C’est posé en vrac, je ne donne pas les questions précise de l’examen mais plutôt le thème général :

  • Sachez identifier un workload supporté / non supporté dans Azure. Et oui, DirectAccess n’est pas supporté dans Azure
  • Sachez comment ajouter un disque de données en PowerShell, que ce soit en ASM ou en ARM. Si vous connaissez l’un, l’autre ressemble beaucoup, c’est de la logique
  • Sachez clairement comment uploader un VHD dans Azure et comment le rendre utilisable comme OS utilisable pour créer une machine virtuelle
  • Un Cloud Service, c’est deux fichiers. Sachez clairement à quoi sert chaque fichier même si vous n’allez plus en déployer
  • Sachez mettre en place un CDN. Pour comprendre faites-le au moins une fois
  • Bien connaître les fonctionnalités offertes par chaque édition de App-Services/ Azure SQL
  • Sachez comment activer le chiffrement de disque avec le Key Vault : Découverte d’Azure Disk Encryption (Preview)
  • Sachez à quoi cela sert de locker des ressources dans Azure : A quoi ça sert de locker ses ressources dans Azure?
  • Sachez comment empêcher le déploiement des certains services / SKU de services : Découverte d’Azure Resource Policy
  • Sachez comment mettre en œuvre Azure Site Recovery avec Hyper-V : Azure Site Recovery avec Hyper-V 1/3

 

Quelques tips pour le jour de l’examen

  • Anglais et rien qu’anglais. Le peu de fois que j’ai passé un examen Microsoft en Français j’ai clairement eu l’impression que la traduction était faite par les mêmes équipes qui ont fait la localisation de SCVMM. 120 minutes c’est le temps accordé pour répondre aux questions. En choisissant anglais, ce temps passe à 150 minutes vu que ce n’est pas notre langue natale.

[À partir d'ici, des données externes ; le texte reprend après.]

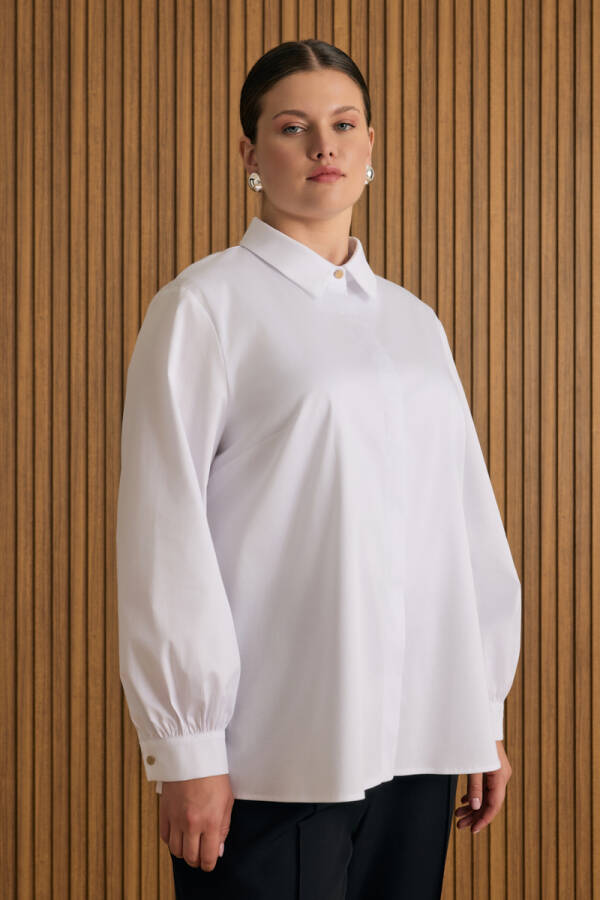 Beyaz Cotton Bluz - 3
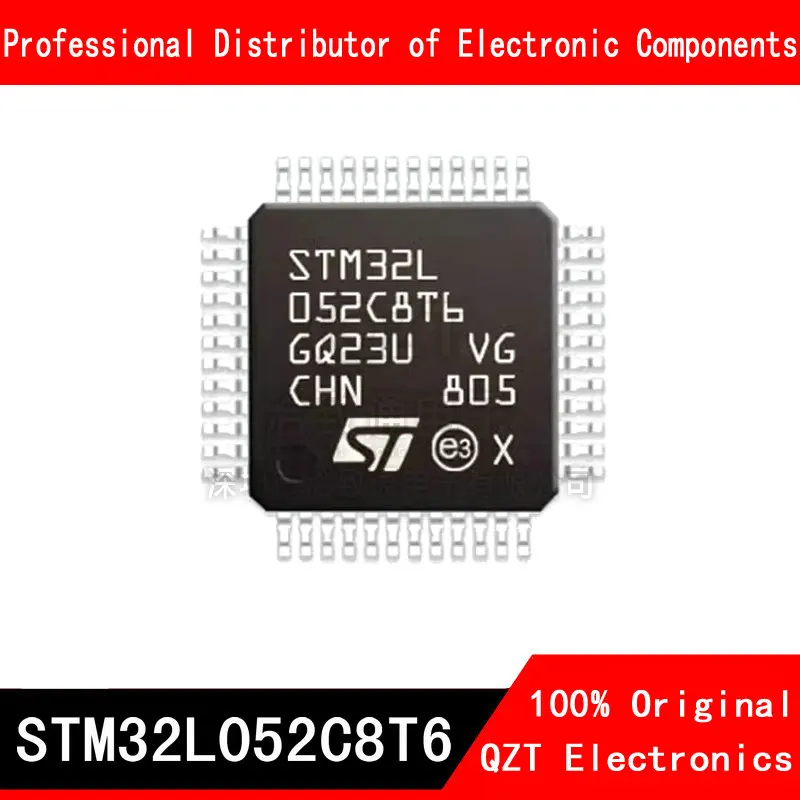 10pcs/lot STM32L052C8T6 LQFP STM32L052 LQFP-48  new original In Stock 10pcs lot stm32l052c8t6 lqfp stm32l052 lqfp 48 new original in stock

De plus, si vous avez utilisé les tests d’entrainement, ils sont en anglais, …
  • L’examen est organisé en section, passer à la section suivante implique qu’on ne peut plus revenir en arrière donc penser bien à clore chaque section individuellement.
  • Un doute, on marque la question. En marquant la question, on a une chance de pouvoir revenir dessus. Qui sait, dans les questions suivantes une autre va pouvoir nous orienter. Un des grands jeux de ce qui écrivent ces questions, c’est de poser deux voire trois fois la question, y a juste un détail qui change, à vous de l’identifier.
  • Quand on sait pas on procède par élimination pour ne conserver que les choix les plus logiques.
  • Utilisez la tablette. Certains sont capables de se faire une représentation mentale, d’autres comme moi doivent dessiner. Moi je dessine.
  • Question Hardcore : On reste calme. L’examen est adaptatif. De temps en temps, une question « hardcore » est incluse histoire de voir comment on se comporte. L’idée est de voir comment on réagit pour savoir si on est au-dessus du niveau général ou en dessous.

 

Voilà pour mon Feedback sur cet examen. Next move : 70-534 : Architecting Microsoft Azure Solutions.